Certes, la victoire de Boris Johnson signifie la fin de l'incertitude politique qui règne depuis de si longs mois dans le pays, contraignant Downing Street à reporter trois fois de suite la date de sortie du Brexit. C'est d'ailleurs la première chose que le premier ministre a annoncé à ses partisans au moment des résultats hier soir: "Nous allons quitter l'Union européenne (UE) le 31 janvier. Il n'y a plus de 'si', ni de 'mais'", a-t-il tonitrué devant l'auditoire. À très court terme, en janvier prochain, Westminster devrait donc enfin donner son feu vert au texte de l'accord de sortie sur le Brexit, qui jusqu'ici n'était pas parvenu à obtenir de voix suffisantes pour passer. 

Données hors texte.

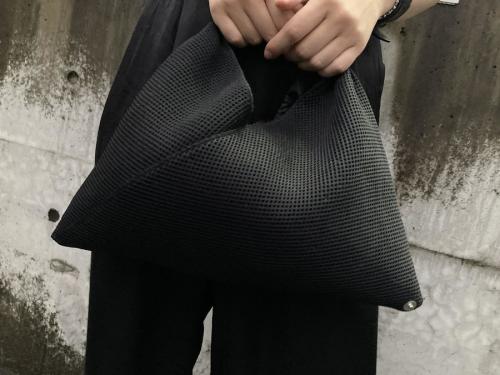 エムエムシックス メゾンマルジェラのジャパニーズネットメッシュバッグ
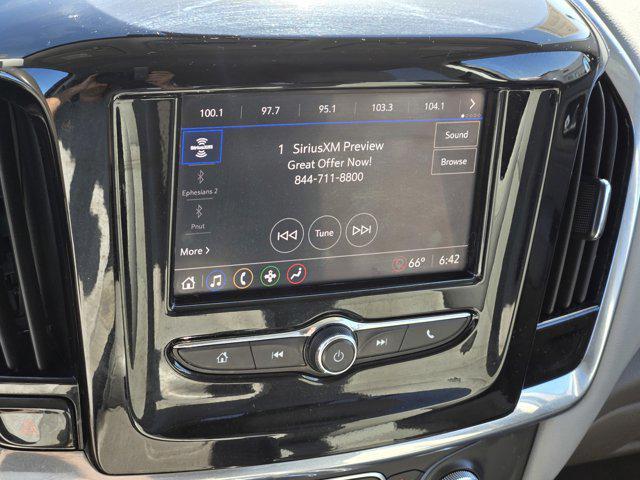 used 2020 Chevrolet Traverse car, priced at $23,377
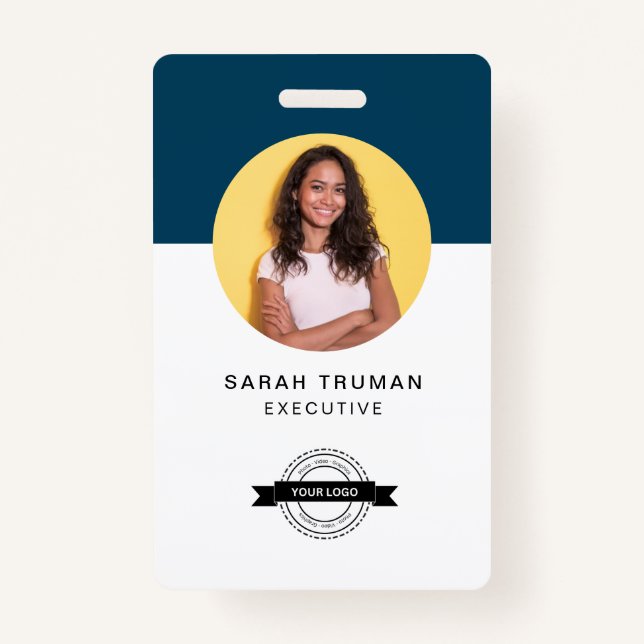 Individuelle Business Employee Card Minimalistisch Ausweis (Vorderseite)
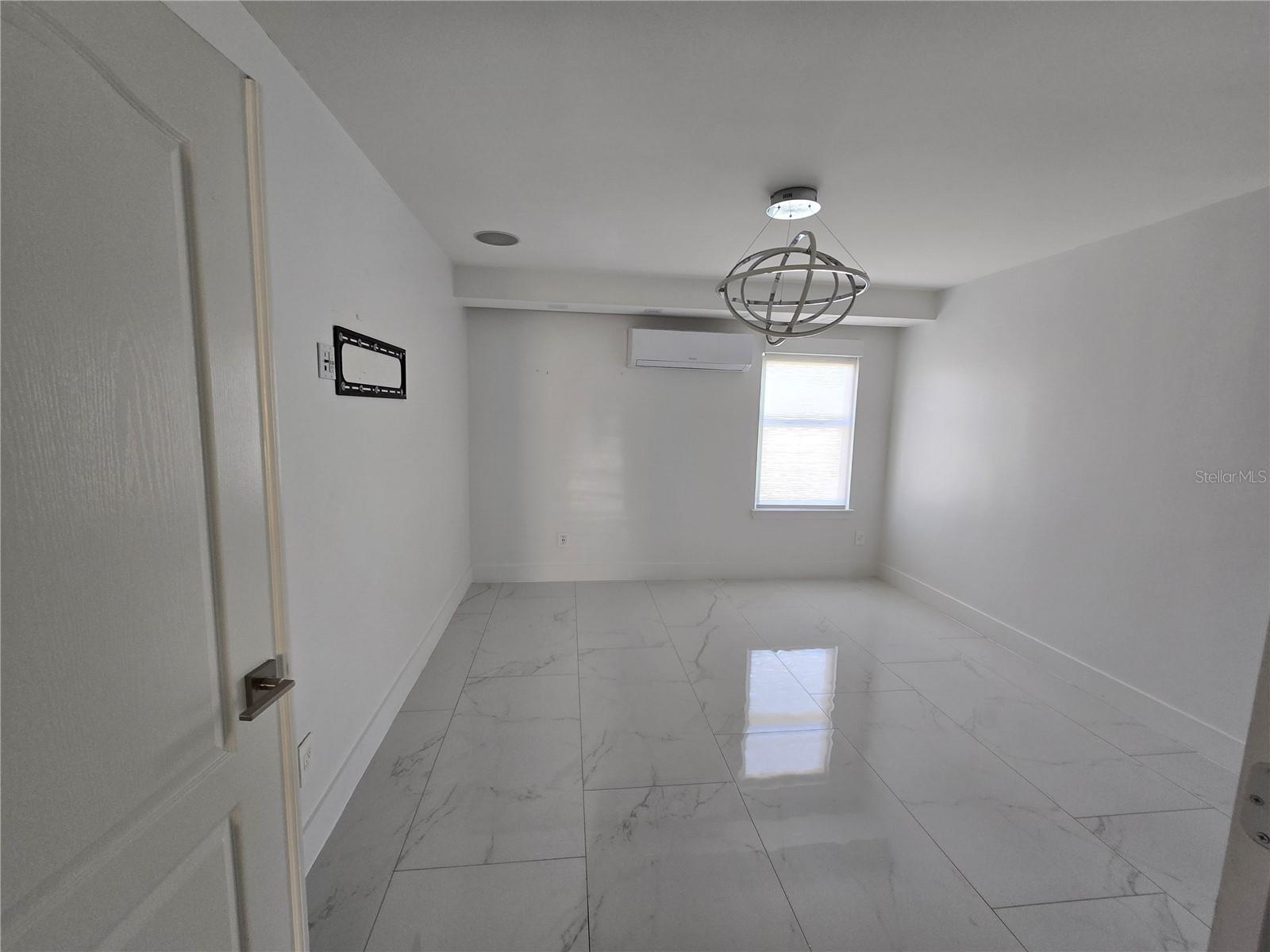 POINTE AT HUNTERS CREEK - Residential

Bruxelles a également compris que le calendrier allait désormais s'accélérer concernant les négociations sur la sortie du Royaume-Uni. Le nouveau commissaire européen au Marché unique et au Numérique, Thierry Breton, a ainsi assuré que Bruxelles devait "rebâtir" les relations avec Londres, notamment dans le secteur commercial. "Nous sommes prêts. Nous avons défini nos priorités", a lancé pour sa part le président du Conseil européen Charles Michel au deuxième jour d'un sommet européen à Bruxelles.

Mais de la parole aux actes, de a victoire de Boris Johnson à la sortie effective du pays, il n'y a que douze petits mois. Douze petits mois pour trouver un accord commercial avec l'UE, alors que l'accord entre le Canada et l'UE, que Boris Johnson se plait à citer en exemple, aura pris sept années avant d'aboutir et n'est toujours ps entièrement mis en oeuvre. Douze mois pour rebâtir l'ensemble des relations entre le Vieux Continent et l'île britannique, dans des domaines aussi variés que la pêche, l'agriculture, l'industrie ou encore la recherche, après 46 de vie commune au sein du marché unique.

Vu les annonces du premier ministre depuis hier soir et tout au long de sa campagne, il serait très étonnant qu'il demande à reporter une nouvelle fois le Brexit. Il a de toutes les façons jusqu'au 1er juillet prochain pour en faire la demande à l'UE, et ainsi obtenir une prolongation de la période de transition et des négociations commerciales. Sans prolongation, le Royaume-Uni sortira bien le 31 janvier 2020. Mais le pays aura-t-il trouvé un accord convenable avec l'UE ? Rien n'est moins sûr.